[Records for processing]
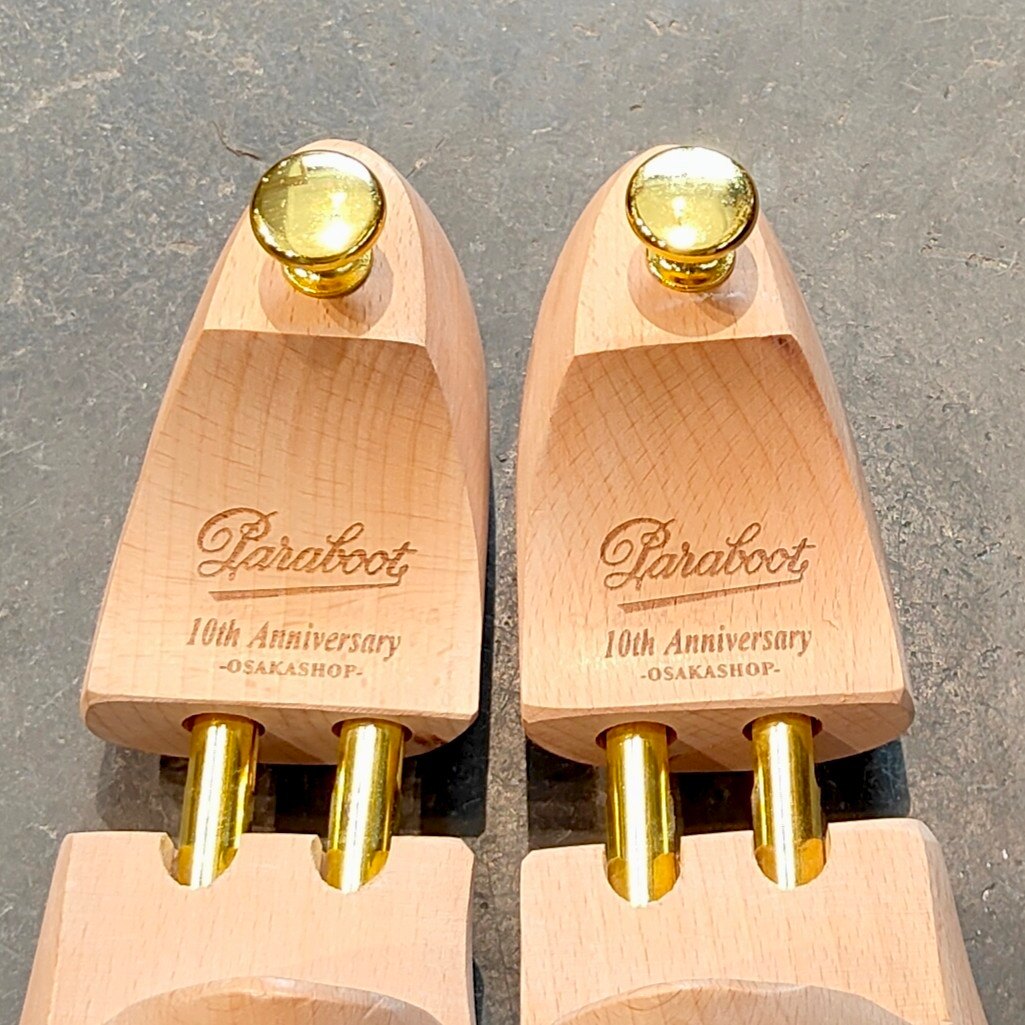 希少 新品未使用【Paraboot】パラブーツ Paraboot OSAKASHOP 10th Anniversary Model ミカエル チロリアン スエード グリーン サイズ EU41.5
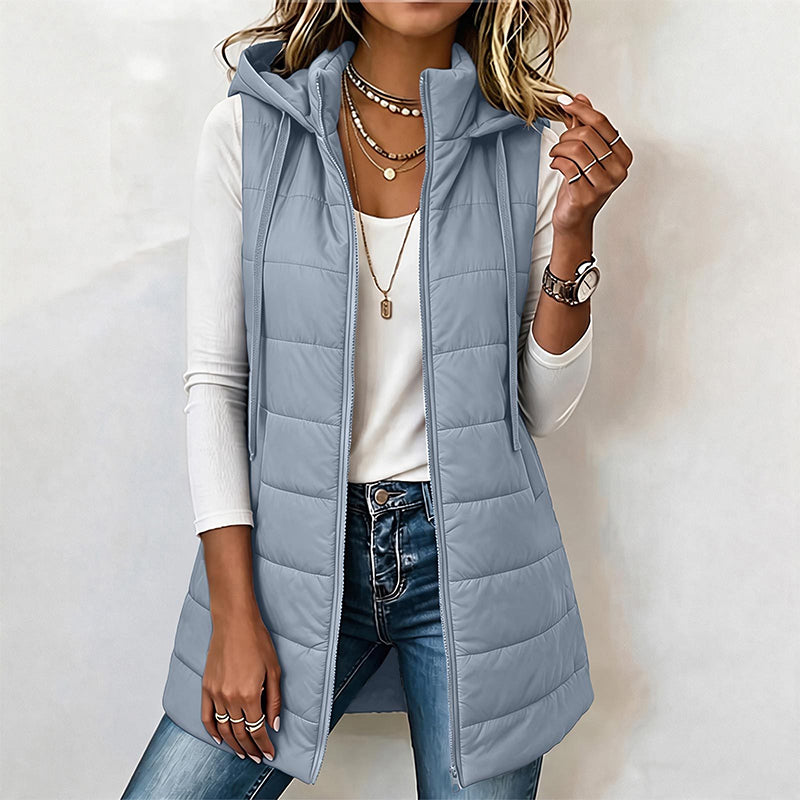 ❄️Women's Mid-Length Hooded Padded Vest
--
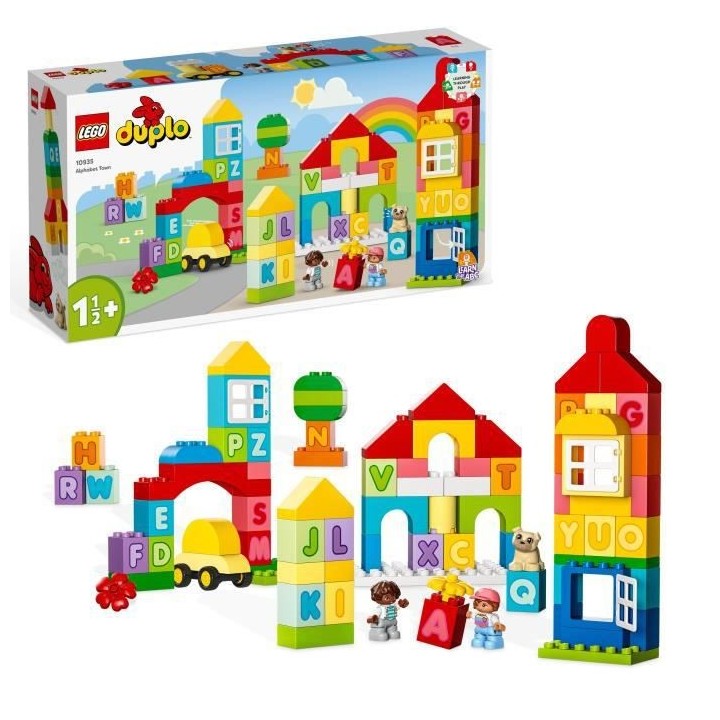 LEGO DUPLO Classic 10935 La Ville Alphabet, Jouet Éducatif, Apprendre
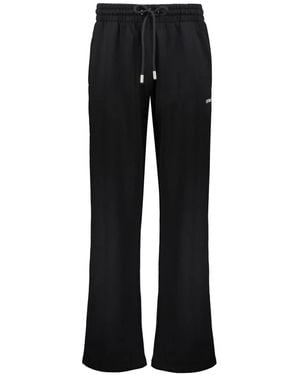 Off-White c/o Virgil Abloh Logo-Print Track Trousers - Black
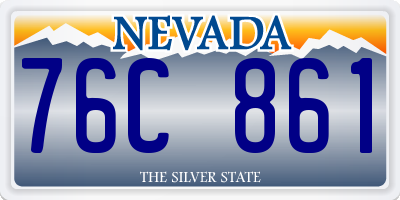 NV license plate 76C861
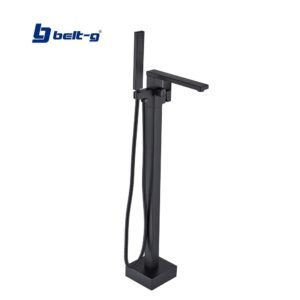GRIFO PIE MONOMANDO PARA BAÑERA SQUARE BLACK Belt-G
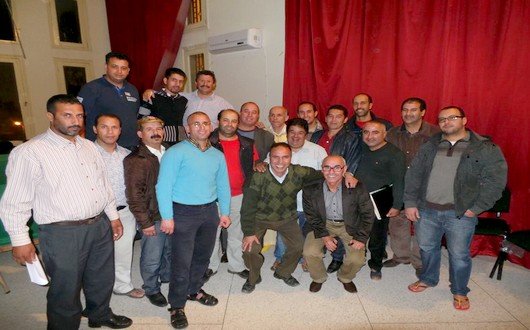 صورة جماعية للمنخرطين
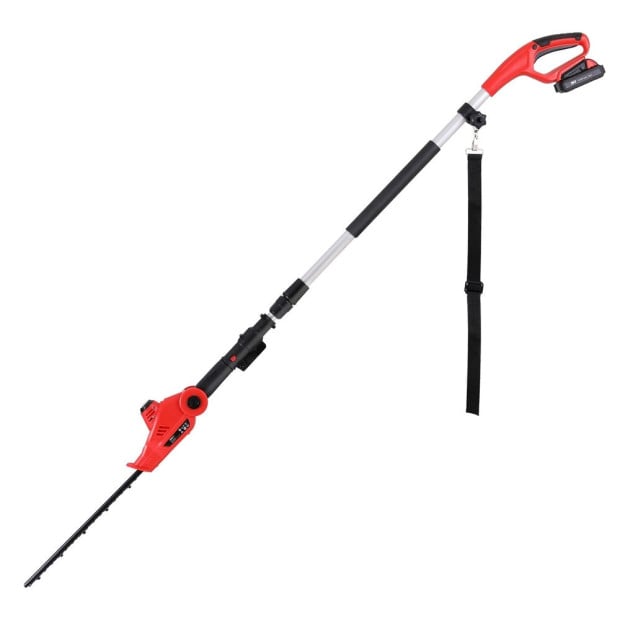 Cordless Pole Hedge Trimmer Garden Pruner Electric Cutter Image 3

[The task] Both boundary lines included, write out word for word only the lines above from the one containing "希少 新品未使用【Paraboot】パラブーツ Paraboot" to the one containing "Hooded Padded Vest", leaving out any pictures.

[Answer area]
 希少 新品未使用【Paraboot】パラブーツ Paraboot OSAKASHOP 10th Anniversary Model ミカエル チロリアン スエード グリーン サイズ EU41.5
 ❄️Women's Mid-Length Hooded Padded Vest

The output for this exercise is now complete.